New York City Bodyguards Are in Demand as Election Stokes Safety Concern - WSJ

Pasquale Cosenzo, a 48-year-old computer programmer who works in Midtown Manhattan, has become more anxious about his safety on his daily commute. To help ease his concerns, he recently hired a personal security guard to escort him on the 15-minute walk between Penn Station and his office, or stand with him outside when he needs to hail a cab.

“It’s been peace of mind, which is all we’re asking for pretty much,” said Mr. Cosenzo, who commutes from Lindenhurst on Long Island and splits the security with two of his co-workers.

Patrick McCall, who provides security for Mr. Cosenzo through his private investigation and security firm, McCall Risk Group, said his clients are typically operators of retail and office buildings, as well as some corporate executives and celebrities. As inquiries increased leading up to the election, Mr. McCall said, most were from individuals.

“We’ve gotten a significant amount of calls in the past week,” he said. “Seventy percent of those calls now are from regular, average citizens.”

Mr. Cosenzo said he pays about $50 an hour for the service and will generally give McCall Risk Group a half-hour’s notice before he requires their discreet presence. With uncertainty surrounding the presidential election and elevated crime rates in the city, he said, he currently doesn’t have any plans to stop using personal security.

“This is something that might have to factor into the cost of doing business,” Mr. Cosenzo said. “They’re great guys. I hope we never have to use them again in a couple weeks.”

Mr. McCall said that as Democratic candidate Joe Biden took the lead in electoral votes, fears of turbulence are easing, though some clients have retained his company’s services through the weekend or even into the following week.

According to the New York Police Department, which has been preparing for weeks to deal with the possibility of unrest during the election, at least 85 people have been arrested at demonstrations since Tuesday. NYPD Commissioner Dermot Shea, however, said that protests so far have been overwhelmingly peaceful.

During the summer there were large-scale protests against police brutality in the city, with violence and looting sometimes following the demonstrations. NYPD officers arrested hundreds of protesters, and hundreds of businesses were damaged and looted during the unrest.

David Yorio, co-owner of Citadel Security Agency, said his firm has fielded more requests from high-net-worth individuals and business travelers who believe their safety may be at risk.

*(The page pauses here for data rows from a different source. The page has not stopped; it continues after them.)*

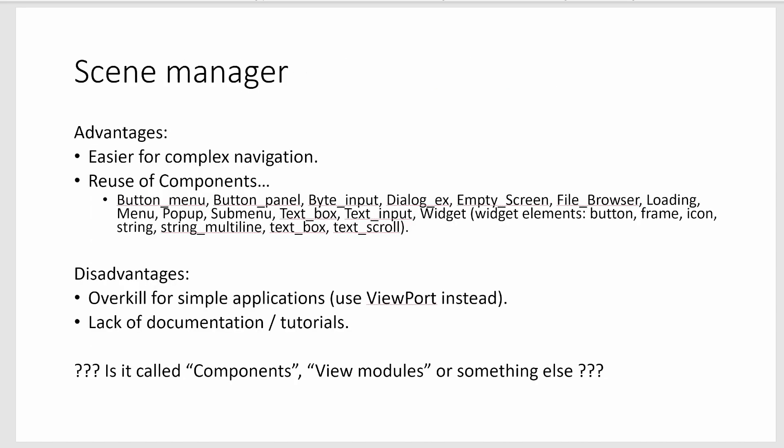So our application was using a scene manager and it has some advantages. One of the advantages is complex navigation, so as you're going from one scene to another all that's a lot easier because you basically just tell the scene manager I want to transition to this scene or I want to go back to the previous scene.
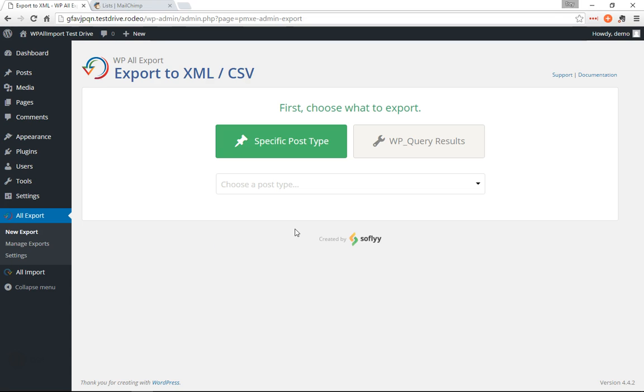Hi, this is Trey from SoFly. Today I'm going to show you how to use WP All Export to export your WordPress users and then import them into a list on MailChimp.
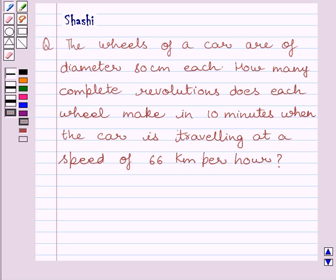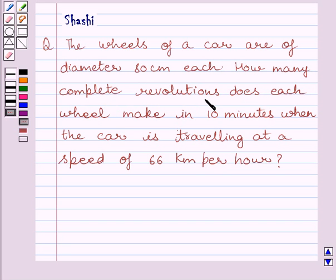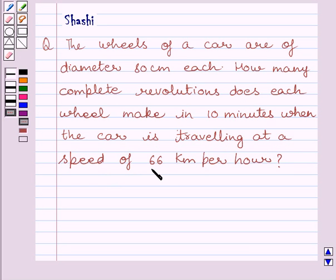Hi and welcome to the session. Let us discuss the following question. The wheels of a car are of diameter 80 cm each. How many complete revolutions does each wheel make in 10 minutes when the car is travelling at a speed of 66 km per hour?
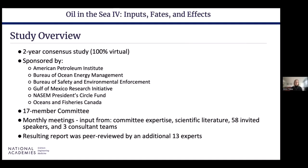Moving on to the study overview: in the fall of 2020, a committee of 17 members was convened for a consensus study titled Oil in the Sea IV: Inputs, Fates, and Effects, sponsored by the organizations listed on the slide. We held monthly meetings — all virtual because it was during the pandemic. Our meetings included several public meetings where experts from federal and local governments, industry, indigenous communities, not-for-profit organizations, and academia were invited to talk. Committee members reviewed an extensive amount of scientific literature and were supported by three consultant teams. Finally, the report was peer reviewed by an additional 13 experts.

“We’ve seen an uptick in calls from people saying, ‘I’m flying to New York for a meeting, and I want to get picked up at the airport and escorted to the meeting and back,’ ” Mr. Yorio said.

Others are seeking protection in the execution of their daily routines, he said.

“Some of it has been as simple as, ‘I want someone to escort me to the grocery store and back,’ ” Mr. Yorio said.

The city saw a surge in violent crime over the summer as it eased lockdown restrictions.

According to the NYPD, homicides in the city during the first 10 months of the year were up 30% compared with the same period in 2019. Shooting incidents in October more than doubled year over year, and burglaries increased 32%, according to the NYPD.

“I don’t feel safe being in the city,” said JoAnn Rivera, a licensed real-estate associate broker who lives in Staten Island and hires security whenever she goes into Midtown for work or leisure. “We’ve paid quite a penny, but it’s worth it because security means a lot.”

New York City Mayor Bill de Blasio has acknowledged that rising crime rates pose a challenge in the city, but pointed to progress such as a large number of gun arrests and an overall year-over-year decline in homicides in October.

Transit officials in New York have said the subway is safe despite major crimes not falling in proportion to ridership declines during the pandemic and last month called on the NYPD to deploy more officers throughout the system.

Christopher Herrmann, an assistant professor at John Jay College of Criminal Justice, said that while crime rates have risen significantly, instances of random assault are still rare. Other areas of concern, such as homicides or homelessness or protest violence, tend to be confined to specific locations around the city, he added.

“The numbers are going up, obviously, so people have that on their mind,” Mr. Herrmann said, adding that hiring personal security was an unconventional solution. “To me, it just doesn’t make sense. I guess if you have money to spend and it makes you feel better, then do it to it.”

Kristian Murphy, a music executive who lives in Miami, said he often hires security when he visits New York City, both for the artists that he works with and for himself.

“With everything else going on, unfortunately, with all the looting, it’s not safe anymore,” Mr. Murphy said. “I want to know that if I’m coming to New York, I’m going to be able to get to where I need to be.”

Mr. Murphy, 36, said he plans to use McCall Risk Group when he visits the city later this month to get around.

“It’s scary these days,” said Mr. Murphy, who grew up in the New York City area. “I’ve seen where it’s come and where it’s gone, and it’s not fun anymore.”